=== Begin Enclosure ===

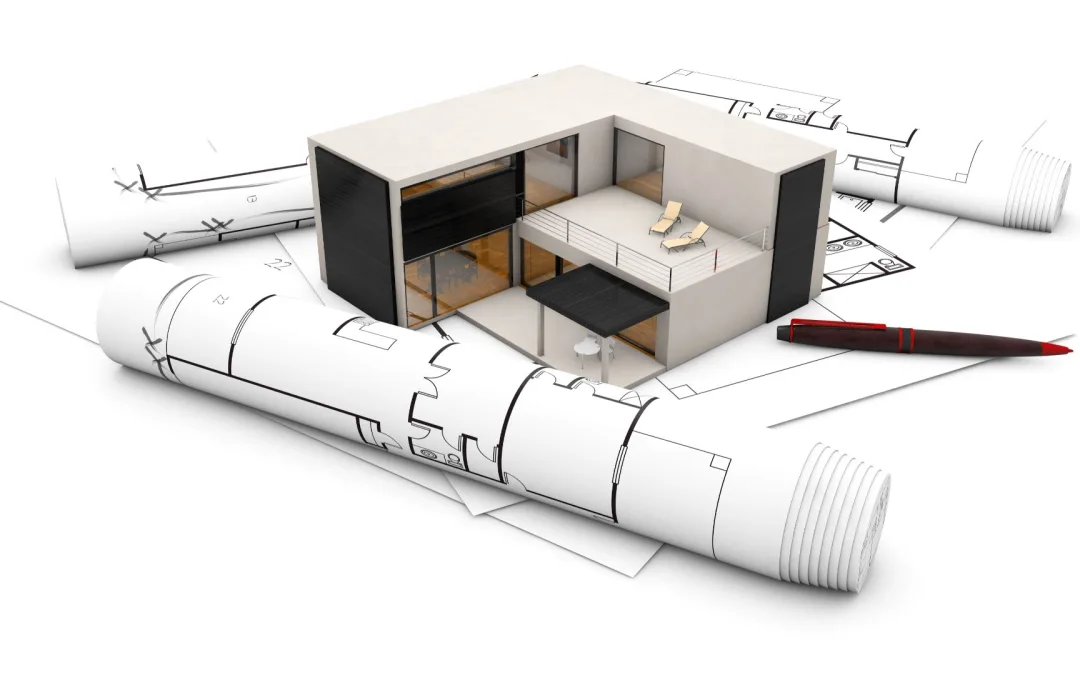 Construcción-Modular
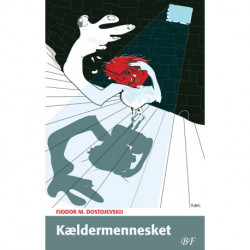 Kældermennesket: Optegnelser fra en undergrund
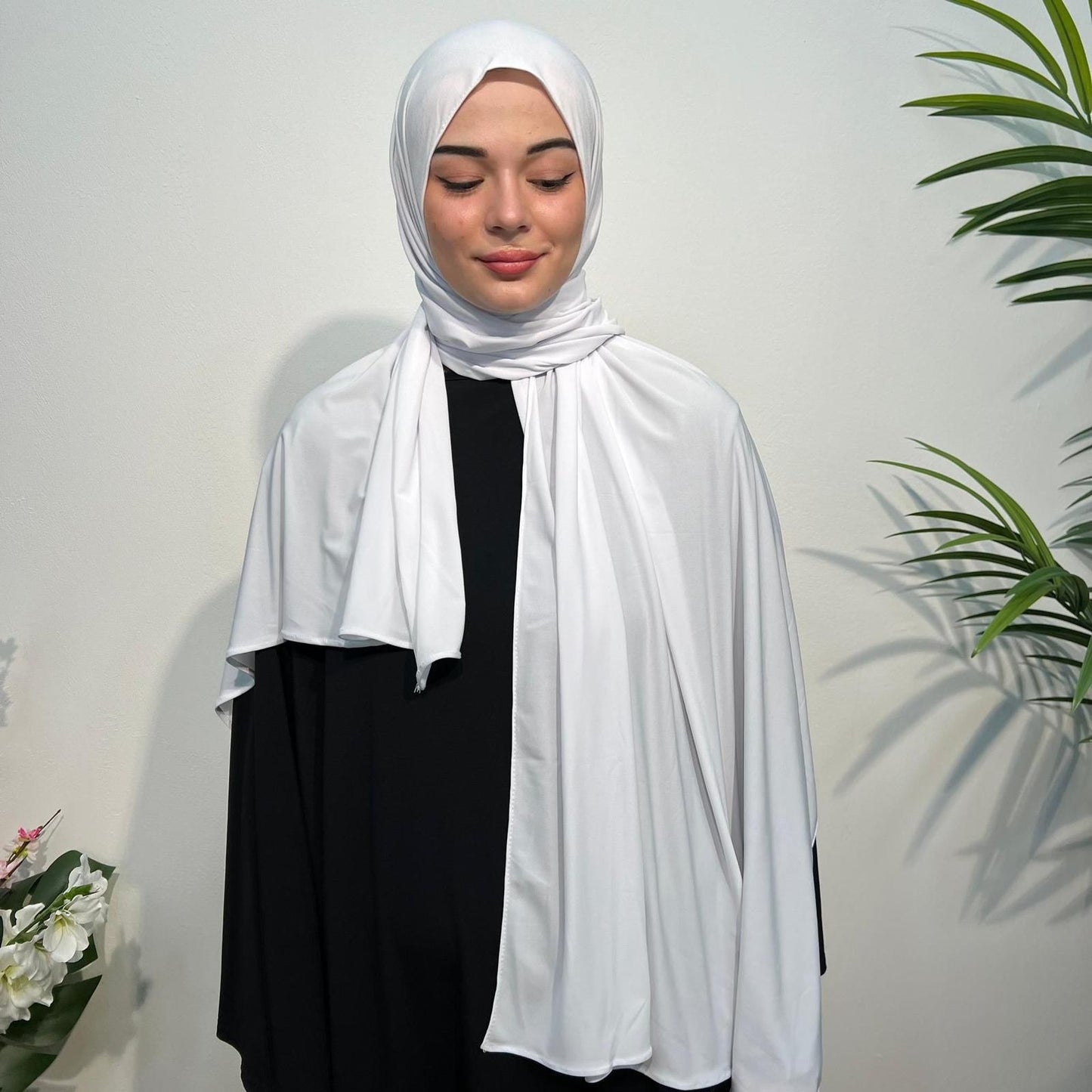 Jersey Premium – Die ultimative Kollektion weicher und komfortabler Hijabs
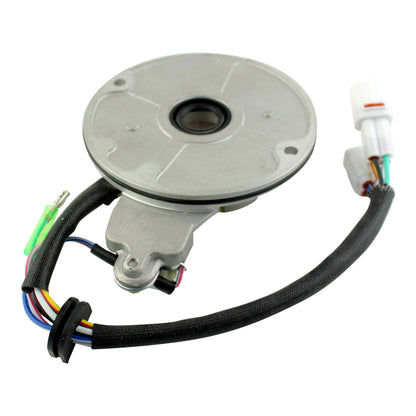 Yamaha YFM50 & YFM80 Raptor, Badger, Grizzly Replacement Stator Coil RM01421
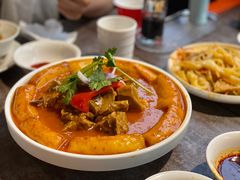 -贯贯吉·清真餐厅(浙江中路店)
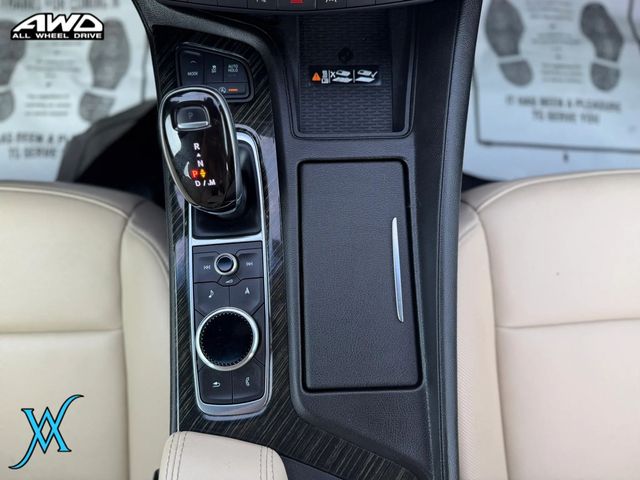 2021 Cadillac CT5 Premium Luxury Sedan 4D - 23051526 - 26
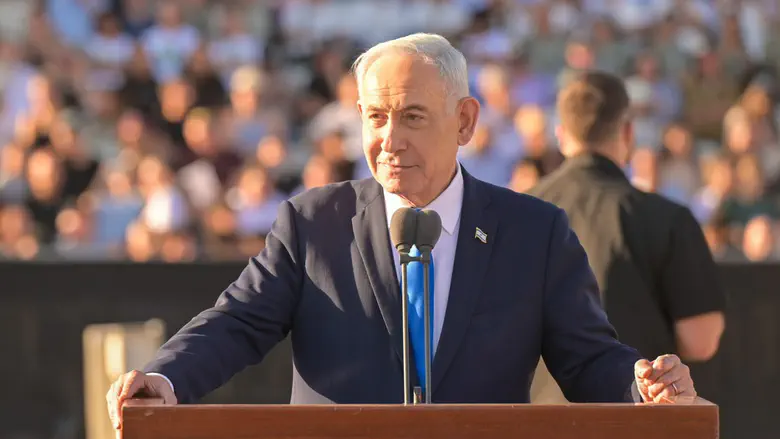 נתניהו וכ"ץ מאיימים: "איראן תבער"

=== End Enclosure ===

Make an exact copy of the records, pictures excluded.

▶ _EXERCISE OUTPUT_:
 Construcción-Modular
 Kældermennesket: Optegnelser fra en undergrund
 Jersey Premium – Die ultimative Kollektion weicher und komfortabler Hijabs
 Yamaha YFM50 & YFM80 Raptor, Badger, Grizzly Replacement Stator Coil RM01421
 -贯贯吉·清真餐厅(浙江中路店)
 2021 Cadillac CT5 Premium Luxury Sedan 4D - 23051526 - 26
 נתניהו וכ"ץ מאיימים: "איראן תבער"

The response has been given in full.